O embrião segundo a Igreja Católica
Face a tudo o que já foi abordado sobre o tema conclui-se que o ponto central da discussão sobre a despenalização do aborto deveria incidir sobre a ontologia do embrião, se é ou não uma pessoa.
Do ponto de vista científico é falso, como pretendem muitos pró-prisão aproveitando-se da falta de conhecimentos científicos da maioria da população, que a ciência diga que a vida começa na concepção. A ciência não pode dizer que há um ponto em que a vida começa porque esta nunca acabou. Tanto o óvulo como o espermatozóide estão vivos, são formas de vida humana. E formas de vida humana a que não concedemos qualquer dignidade ou valor.
A discussão sobre se o embrião é ou não uma pessoa deveria fundamentar-se assim em algo mais concreto que dizer vagamente que é vida humana porque há muitas formas de vida humana que não são pessoas. É necessário discutir aquilo que nos caracteriza e identifica como pessoas, o ser do homem que nos distingue de outras formas de vida, humana ou não!
A concepção do ser do homem continua, no entanto, refém da teologia cristã, que cristalizou num paradigma completamente desadequado ao conhecimento actual.
Concepção resumida numa alocução de João Paulo II aos membros da Pontifícia Academia para a Vida :«há que reconhecer a qualidade essencial que distingue cada criatura humana, pelo facto de ter sido criada à imagem e semelhança do próprio Criador.
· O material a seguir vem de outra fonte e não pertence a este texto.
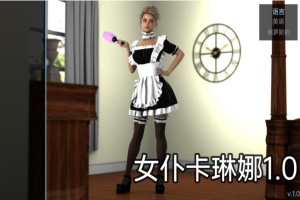 【欧美SLG/汉化/动态】女仆卡琳娜1.0汉化版【PC+安卓/494MB/更新】-巴黎资源分享网
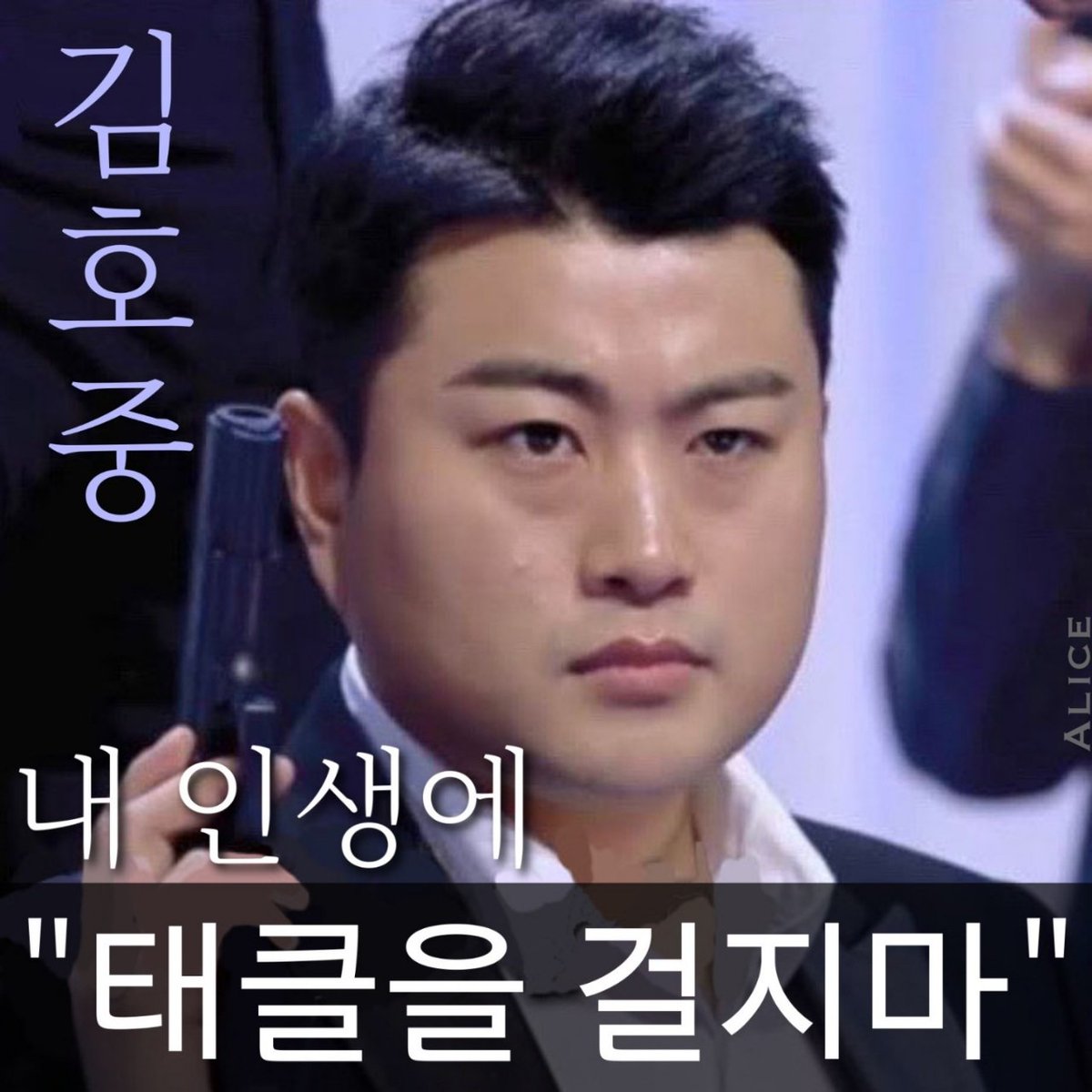 김호중지금이순간도그리워라
#김호중_덕후사진관
#김호중_신동아포스트
#김호중_공식팬카페_트바로티
#김호중
#Kimhojoong
#Tvarotti 
naver.me/GmF42xTr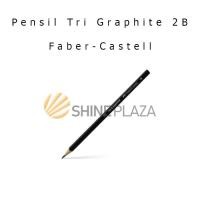 ราคา Faber Castell Tri Graphite Triangle Computer Pencil - ดินสอ Faber-Castell 2B (48601582154)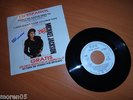 MICHAEL JACKSON TODO MI AMOR ERES TU EXTREMLY RARE MEXICAN PROMO VINYL 7''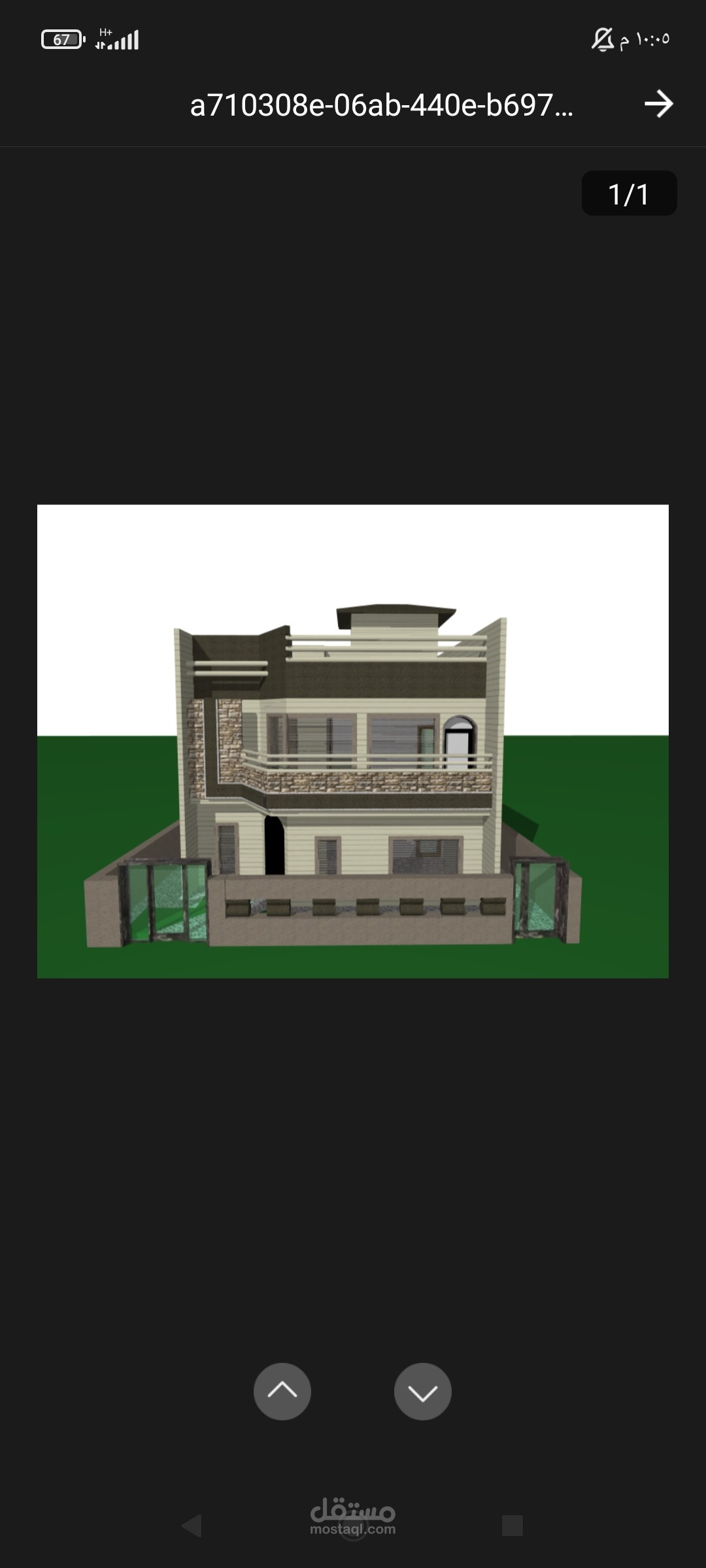 تصميم  معماري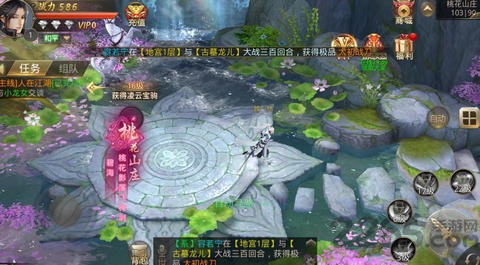 傲剑问情手游九游版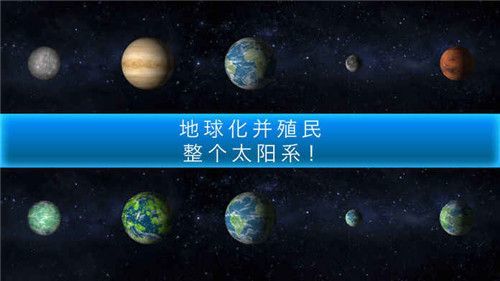 创造行星0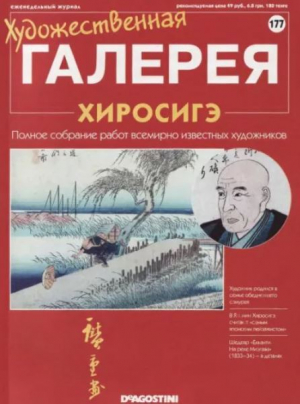 обложка книги Художественная галерея 177. Хиросиге - авторов Коллектив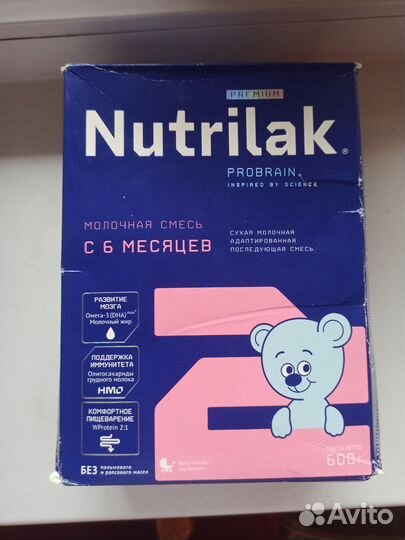 Детская смесь нутрилак 2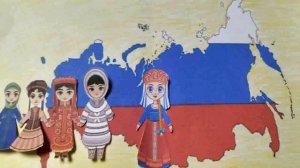 мульт поздравление с Днём народного единства своими руками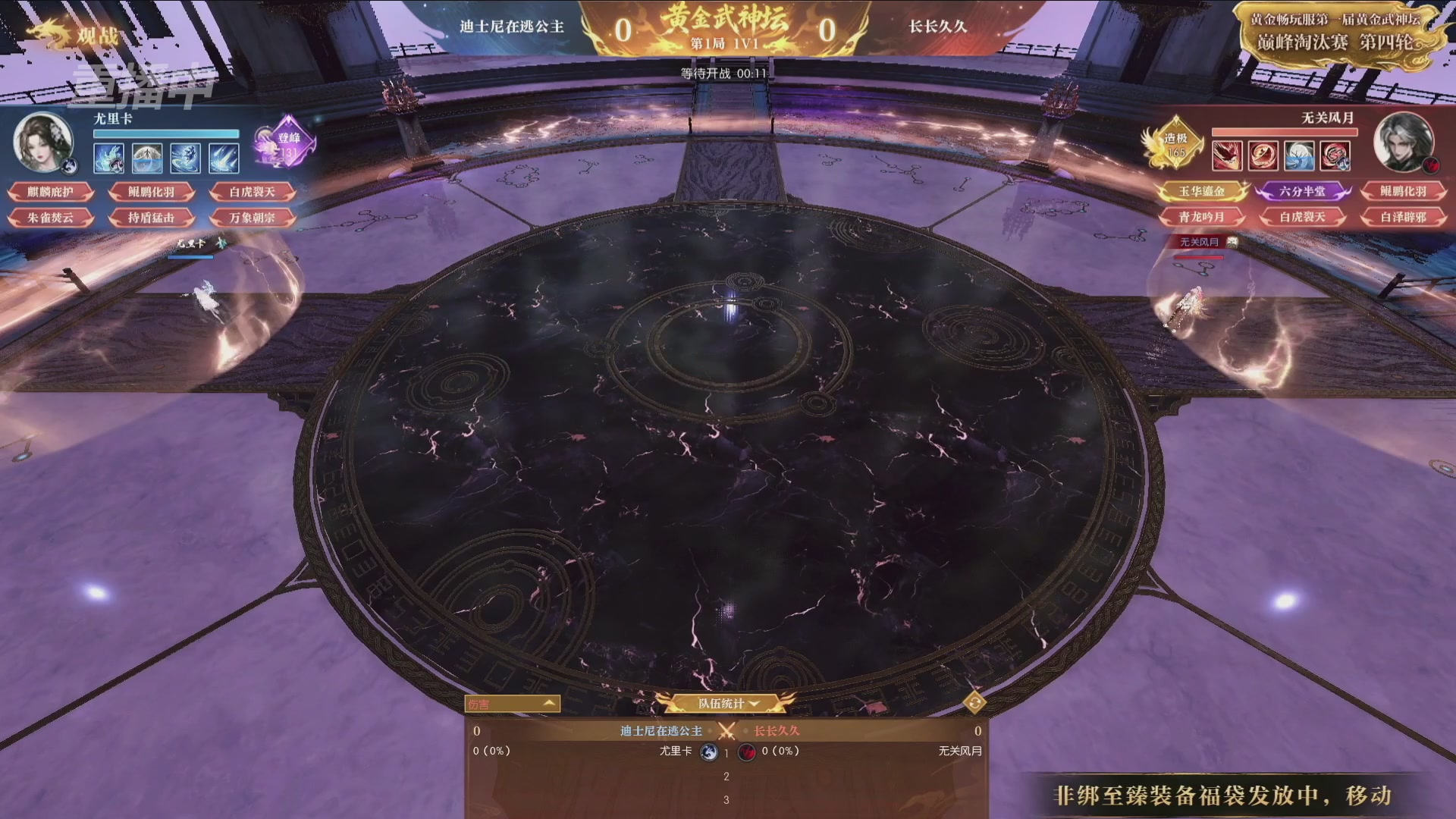 【重播】逆水寒黄金畅玩服首届黄金武神坛赛区决赛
Constituído de corpo e de espírito na unidade da pessoa, o homem corpore et anima unus (…) possui por essência uma dignidade superior às outras criaturas visíveis, vivas e não vivas».
Ora é essa «qualidade essencial» que caracteriza o ser do Homem e lhe confere uma dignidade superior que a Igreja não consegue explicar quando aparece. De facto, apenas sustenta que «os seres vivos são formados por um corpo biológico organizado e por um princípio vital» sem explicar quando surge esse «princípio vital», que para os humanos a Igreja Católica afirma ser a tal anima que só a ICAR pode salvar.
Mas como mitologias religiosas não devem ser a base de sustentação de qualquer lei num Estado supostamente laico vamos ver o que de facto defendem a ICAR e seus representantes na sociedade civil quando se dizem «defensores intransigentes da vida».
Na encíclica Evangelium Vitae, João Paulo II, evitando declarar expressamente que o momento da animação coincide com o da concepção, afirma que a ciência actual «pode oferecer indicações preciosas para discernir racionalmente uma presença pessoal desde o primeiro surgir de uma vida humana». Não se percebe exactamente o que significa este preâmbulo já que João Paulo II não explicita o que é esta presença pessoal que supostamente a ciência discerne num óvulo e num espermatozóide- o primeiro surgir da vida humana!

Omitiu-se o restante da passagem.